Para el vigilante jurado que se apropió de 200.000 euros
La Audiencia Provincial ha condenado a tres años de cárcel al vigilante jurado Lucio Manuel del Valle Vega, al que se acusa de haberse apoderado en agosto de 2004 de una saca que custodiaba destinada a sucursal de La Caixa de Sant Jordi y que contenía 200.000 euros. Además deberá restituir el dinero a la empresa Prosegur, así como pagar una multa de 780 euros.
El tribunal, en cambio, ha absuelto a la pareja sentimental del acusado al considerar que no se le puede considerar cómplice puesto que este tipo penal requiere que hubiera realizado actos anteriores o simultáneos de «verdadera y efectiva cooperación en la ejecución» del delito de apropiación indebida.
La sentencia, de 39 folios, descarta las alegaciones presentadas por las defensas de los dos acusados que alegaban la vulneración del derecho al secreto de las comunicaciones y errores de procedimiento al autorizar las escuchas telefónicas que permitieron la detención del acusado.

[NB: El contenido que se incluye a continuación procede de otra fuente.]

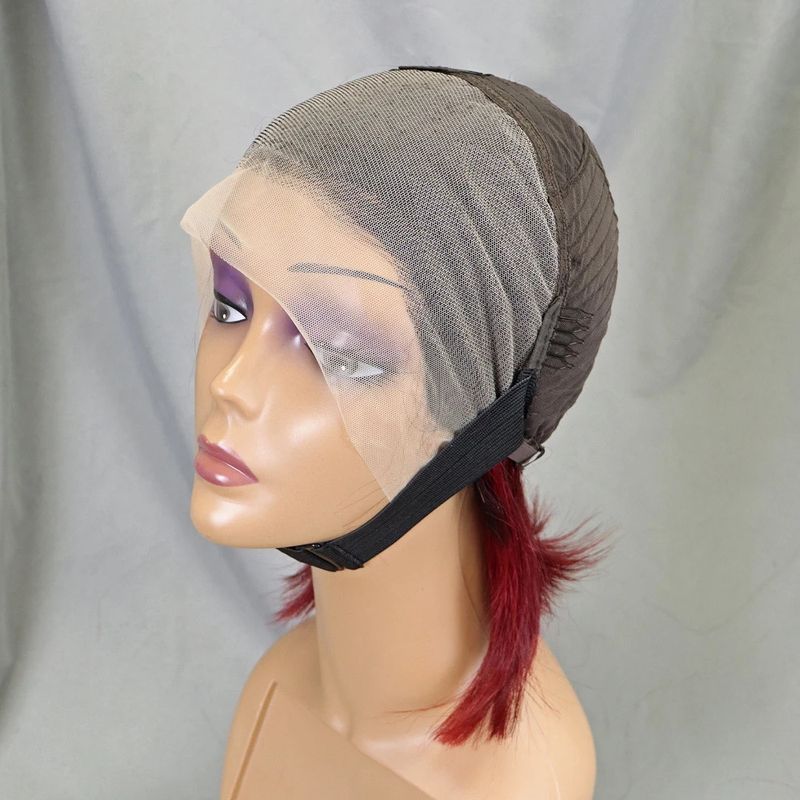 Rak Peruk med Lace Frontal-hår, Kort Bob, 1B/99J, Äkta Hår_voghion.com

Seguidamente, la Audiencia rechaza una por una las cuestiones planteadas por la defensa para avalar la inocencia de Lucio Manuel del Valle. Así, se desecha la posibilidad de que la saca con el dinero fuera sustraída de la cámara de seguridad de Prosegur en Palma o que no fuera enviada a Eivissa por error.
Respecto a la imposibilidad de que el acusado tuviera acceso al dinero cuando estaba en el furgón blindado en el aeropuerto, se destaca que existían formas de burlar el dispositivo de seguridad que impide que dos de las puertas del vehículo estuvieran abiertas al mismo tiempo. De esta forma, se apunta a que es posible que se apoderara de ella sin ser visto por sus compañeros.
La sentencia también recoge lo extraño del comportamiento del acusado que, alegando tener que ir al baño, dejó solo y sin protección a un compañero cuando llevaban más de 100.000 euros a una oficina bancaria del mismo aeropuerto.
Los magistrados de la Audiencia destacan en su resolución que «no consta acreditada una procedencia distinta del dinero intervenido» que no sea la de la apropiación indebida.
Así, los magistrados resaltan que «jamás el acusado, en sus diversas declaraciones, ha mencionado tal actividad extra», en referencia a la propiedad de un bar en su localidad natal durante varios años.
Los miembros de la Audiencia también mostraron su incredulidad respecto a las comisiones millonarias obtenidas en la compra-venta de caballos sin que se firmaran contratos. Incluso se destaca que un testimonio aseguró que las comisiones las pagaba al acusado en billetes de 500 euros en el año 2000, cuando la moneda vigente aún era la peseta.